(Web page caption snippets)
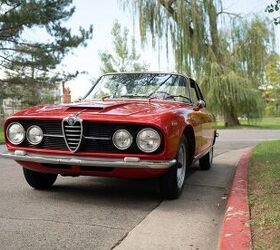1967 alfa romeo 2600 sprint for sale, 1967 alfa romeo 2600 sprint for sale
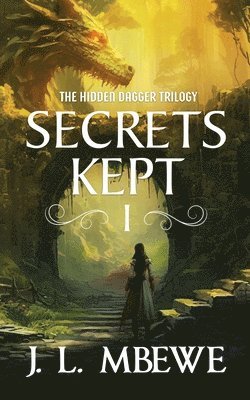 Secrets Kept 1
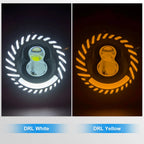 5.75 Inch Cooling LED Headlight HL5.75-3005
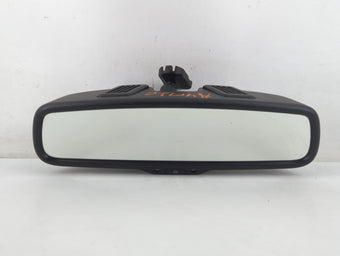 compare product 2012 Dodge Caravan Interior Rear View Mirror Replacement OEM P/N:E11026130 Fits Fits 2010 2011 2013 2014 2015 2016 2017 OEM Used Auto Parts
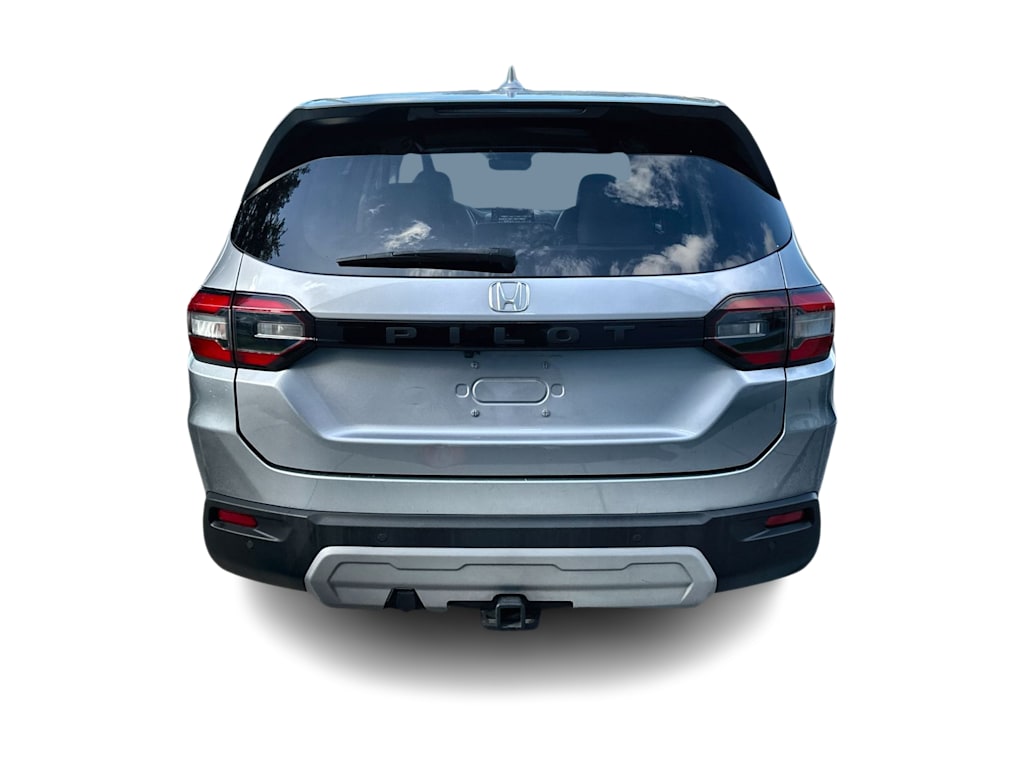 Thumbnail: 2023 Honda Pilot - 5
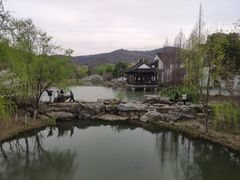 -南山风景名胜区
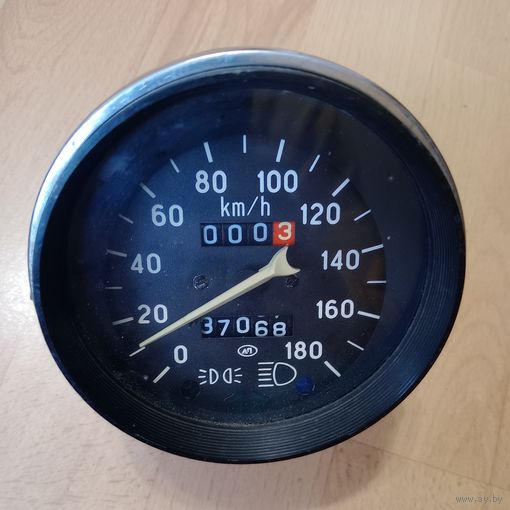 Спидометр ВАЗ б/у рабочий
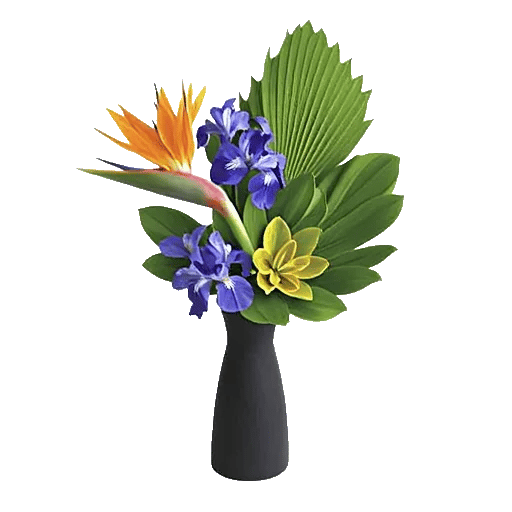 Ivory Blossom Radiance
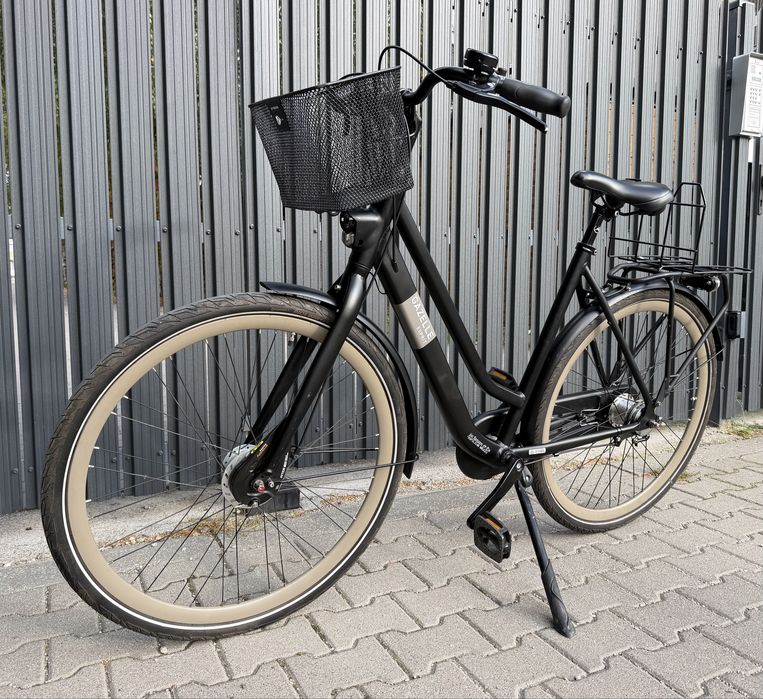 Gazelle esprit rower damski miejski
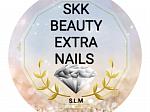 SKK Beauty Extra NAILS
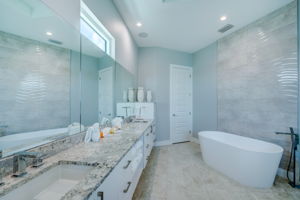 Uppet LeveL Master Bathroom1c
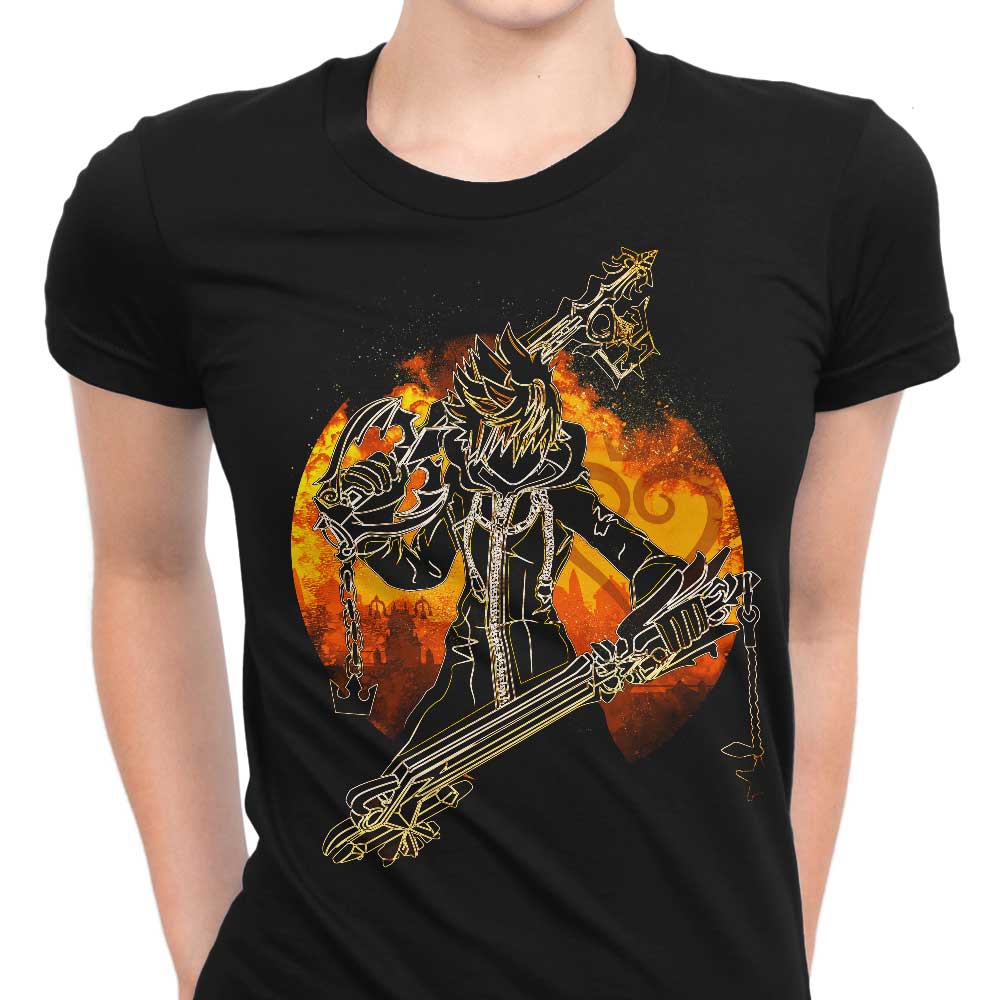 Destiny Orb Women's Apparel - Adult & Kids T-Shirts, Sweatshirts & Hoodies apparel design preview 1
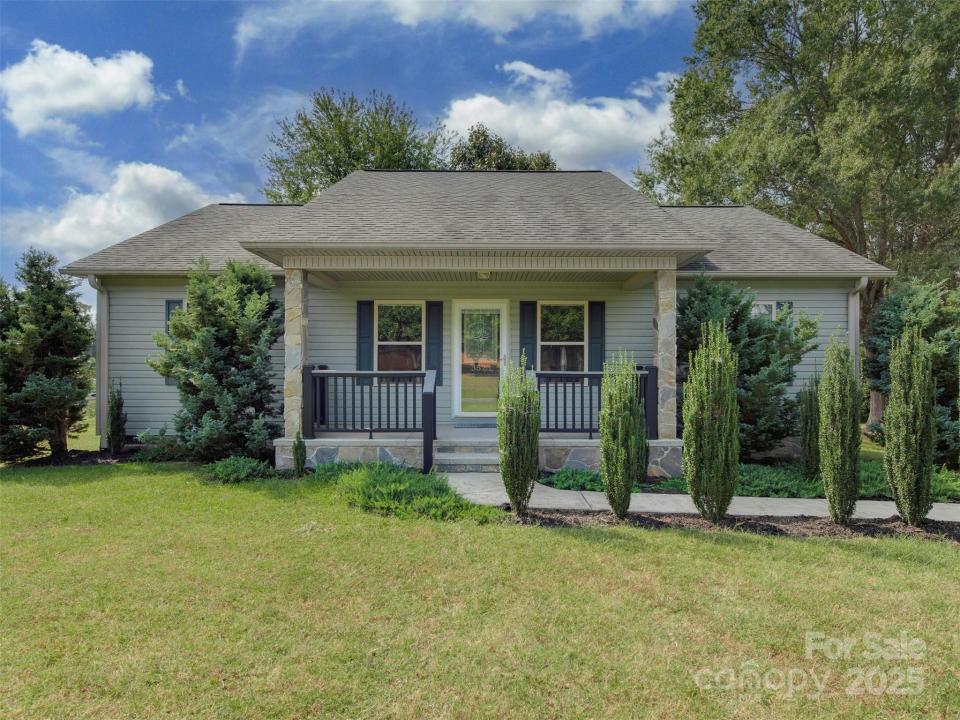 3523 Icard Rhodhiss Road, Connelly Springs, 北卡罗来纳州 28612, 美国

*Activity*.
With the pictures left out, give again exactly the lines from the one with "Destiny Orb Women's" through the end of the data, both included.

*Answer to the exercise*.
 Destiny Orb Women's Apparel - Adult & Kids T-Shirts, Sweatshirts & Hoodies apparel design preview 1
 3523 Icard Rhodhiss Road, Connelly Springs, 北卡罗来纳州 28612, 美国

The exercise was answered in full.